The CPP calls the whole-of-nation approach a "recycled counter-insurgency strategy." Look who's talking. Kung may tunay na recycled, it is the CPP’s “rectification” campaign—isang luma at hungkag na script na desperado nitong nilalako sa masang Pilipino, laluna sa kabataan, para palitawin na may sigla pa ang "protracted people’s war." Six years of Executive Order No. 70 have proven otherwise: 89 guerrilla fronts are now down to one weakened guerrilla front and 9,272 barangays cleared of the CPP-NPA-NDFP's influence and currently enjoying projects and services from the Barangay Development Program. The CPP is the dinosaur here, not the Plan.
In their angry press releases, the CPP-NPA-NDFP love to tag the task force not only as lead agency but “lead oppressor.” Yet the task force, by law, is merely the integrator of basic services and localized solutions, not an armed unit. Ang tunay na nananakot ay ang CPP-NPA which continue trying to extort under euphemisms like "revolutionary taxation" or "permit to campaign." The task force’s harmonized programs have begun to dry up their extortion racket and expose their white-area operators. Kaya sila parang asong ulol na kahol ng kahol ngayon.

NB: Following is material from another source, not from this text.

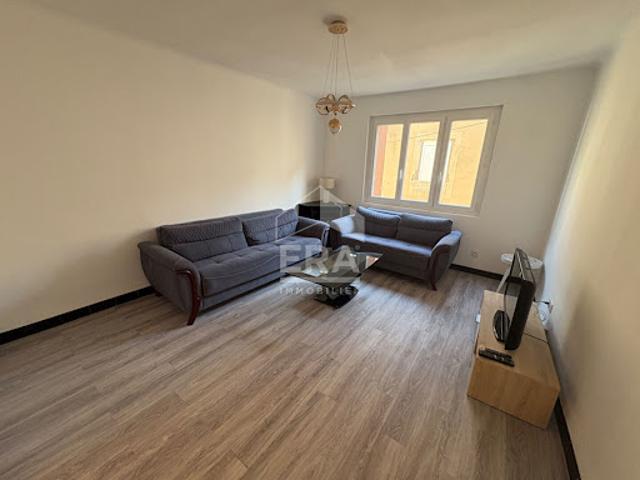 Location Appartement 3 pièces 56.7 m2 Cuxac d'Aude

The NAP-UPD keeps local peace engagements as a standing line of effort, complete with a transformation program for former rebels and communities. What it is vigilant about is the revolving door of Oslo-style negotiations that the CPP exploited for hotel junkets while the NPA kept shooting.
At the moment, the CPP-NPA are training their literal and figurative guns at former rebels who are organizing themselves and speaking up. Thousands of former rebels now organized as federations and people’s organizations across the country are telling their communities the hard truth about CPP recruitment. The Party brands them “basura” and “traydor,” hoping to chain them to silence. But, as the Plan expressly states, the State will protect and empower former rebels as partners in development. That policy statement, not any government bullet, is what keeps the CPP awake at night.
Bottom line: The CPP-NPA-NDF clique is terrified because the NAP-UPD renders their 56-year-old playbook obsolete. It drains their mass base with real services, undermines their narrative with factual community gains, and gives voice to the people they once coerced. The CPP's mouthpieces can demonize the task force, denigrate the NAP-UPD or scream “red-tagging” all day; the Filipino public, sawa na sa lumang litanya, continues to see who is truly committed to unity, peace and development.